Hommage aux Hongrois de Genève

IMMIGRATION • Il y a juste soixante ans, des milliers de réfugiés hongrois frappaient à la porte de la Suisse. Elle leur fut ouverte. Et ils se sont montrés, pendant six décennies, admirablement dignes de cet accueil.

  • La Suisse, terre d’asile pour de nombreux Hongrois il y a 60 ans. GETTY IMAGES/GRAFISSIMO

    La Suisse, terre d’asile pour de nombreux Hongrois il y a 60 ans. GETTY IMAGES/GRAFISSIMO

    Il y a juste soixante ans, le 23 octobre 1956, la Hongrie faisait sa Révolution. Dans un bloc de l’Est sous influence soviétique, depuis la fin de la Seconde Guerre mondiale, on avait eu l’impression, depuis le Rapport de Khrouchtchev au XXe Congrès du PC d’URSS, en février de la même année, qu’une décrispation était possible. D’ailleurs en juin, les émeutes de Poznan (Posen, pour les Allemands), en Pologne, avaient amené au pouvoir le réformiste Gomulka. En Hongrie donc, en cet automne 1956, règne un parfum de liberté. Au point que, ce fameux 23 octobre, on rappelle aux affaires Imre Nagy, expulsé en avril 1955. Les jours suivants, Budapest est en effervescence, on commence à croire (malgré la saison!) à un Printemps hongrois. La suite, on la connaît: le 4 novembre, les Soviétiques envahissent Budapest. La répression sera terrible. Des dizaines de milliers de Hongrois prennent le chemin de l’exil.

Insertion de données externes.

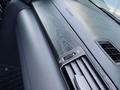 Lexus LX 570 2008 года за 23 500 000 тг. в Астана – фото 16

Beaucoup d’entre eux viennent chez nous, en Suisse.

    Destins croisés

    Soixante ans après ces événements sanglants, je veux dire ici l’intensité de l’amitié des Suisses et des Hongrois. Nous les avons accueillis, c’est vrai. Mais eux, comme réfugiés, se sont admirablement comportés. Rarement, malgré la barrière de la langue (essayez d’apprendre le hongrois!), une communauté étrangère ne s’est aussi impeccablement coulée dans le moule de nos traditions suisses. Ces Hongrois, arrivés dans des circonstances tragiques, abominables même, ont frappé à la porte de notre pays. Cette dernière (plus facilement, il est vrai, qu’aujourd’hui) leur fut ouverte. Ils se sont pliés à nos coutumes. Ils ont respecté nos usages. Ils nous ont apporté toute la richesse de leurs traditions. Leur destin et le nôtre se sont croisés. Ils se sont mariés. Ils ont conflué, comme deux fleuves. Il devait y avoir, entre eux et nous, comme une communauté profonde, invisible, dans l’amour de la liberté. Ces Hongrois, pour l’immense majorité, sont devenus Suisses. Ils le sont évidemment, sans partage. Ils constituent une facette de notre identité nationale.

    Intégration parfaite

    L’émigration hongroise de 1956 en Suisse, et particulièrement à Genève, constitue, au même titre que le Grand Refuge des Huguenots français, suite à la Révocation de l’Edit de Nantes (1685), un exemple d’absolue réussite de l’Asile, lorsque ce dernier repose sur la confiance réciproque, et n’est pas dévoyé par d’autres finalités que celle du refuge politique. Dans ces conditions seulement, où une main fut un jour tendue à celui qui en avait absolument besoin, peut éclore l’extraordinaire relation d’estime et de reconnaissance mutuelles entre deux communautés humaines. Il nous appartient aussi à nous, les Suisses, de dire merci à ces Hongrois de 1956, et à leurs familles. Ils nous ont prouvé, par la qualité de leur intégration, qu’il pouvait parfaitement exister une vie après l’exil. Une autre vie, ailleurs, au milieu de frères humains qui partagent avec eux les valeurs essentielles. Hommage aux Hongrois de Genève. Leurs festivités, autour de ce soixantième anniversaire, seront aussi les nôtres.